Les trafiquants ont même collé des affiches dans les parties communes, demandant de limiter le bruit après 22h, heure à laquelle ils désertent les halls pour continuer leur activité à l'extérieur.
"Je comprends les locataires qui veulent la paix. Au bout d'un moment t'en peux plus. Si tout le monde commence à faire ça c'est énorme! La question qu'on peut se poser c'est 'qu'en pense le bailleur?'", s'interroge ce lundi Elina Dumont sur RMC. Car selon Le Parisien, cet accord serait aussi un pied de nez des habitants au bailleur, Seine-Saint-Denis Habitat. Les résidents dénoncent effectivement un abandon, évoquant l'absence de gardien et un ascenseur en panne pendant trois mois.
"Cet accord, c'est le symbole de l'affaiblissement de l'Etat", dénonce de son côté Gilles-William Goldnadel sur le plateau des "Grandes Gueules". "Les parties privées n'ont pas la naïveté de croire que c'est la police qui va assurer la tranquillité publique. Cela montre à quel point nous en sommes!".
Les deux parties gagnantes
Un accord qui n'a rien d'étonnant pour le professeur d'Economie Gilles Raveaud: "C'est un grand classique, la mafia qui assure l'ordre dans des villes entières c'est connu. Les dealers eux-aussi ont besoin de tranquillité pour faire leur business", estime-t-il avant de plaider à demi-voix pour une dépénalisation de la marijuana.

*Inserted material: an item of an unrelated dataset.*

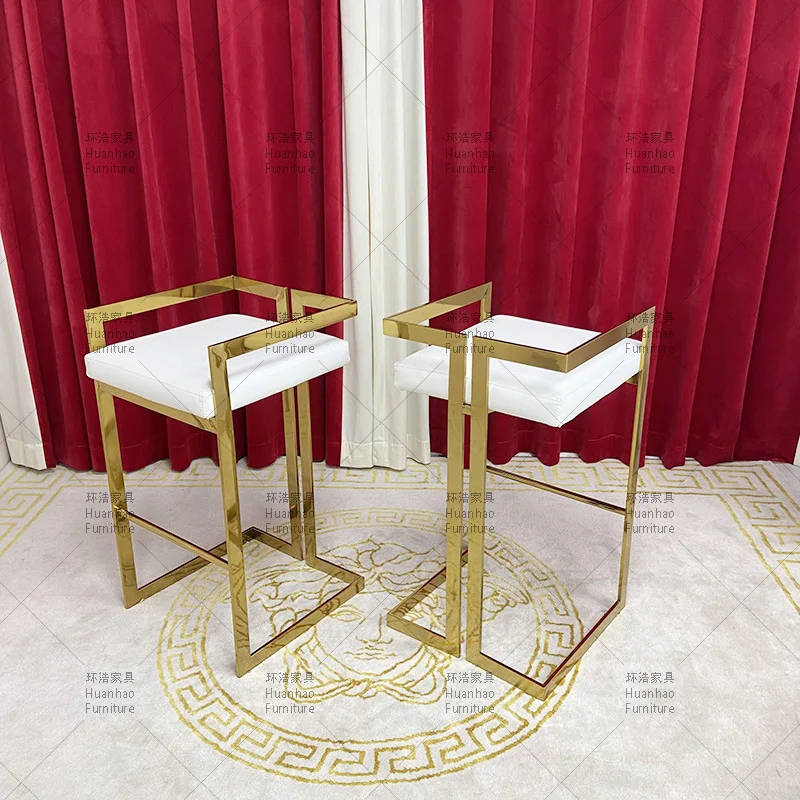Оптовая продажа Современная дешевая популярная барная мебель Золотая рамка из нержавеющей стали кожаные барные стулья ткани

"La marijuana est d'ailleurs l'un des seuls marchés sur lesquels il y a un consensus économique pour dire que les effets toxiques sont relativement moindres et que la lutte contre les trafics coûte cher et est inefficace. Je pense que la question de la dépénalisation pourrait être posée (...) L'addiction au sucre coûte bien plus cher à l'Etat et à la Sécu que le cannabis !", conclu-t-il.
En cas de légalisation du cannabis, Terra Nova dans un rapport datant de 2014, estime que l'Etat français pourrait empocher environ 1,7 milliard d'euros de recettes fiscales, auxquelles il faudrait ajouter une économie de 500 millions d'euros en raison de la fin de la répression.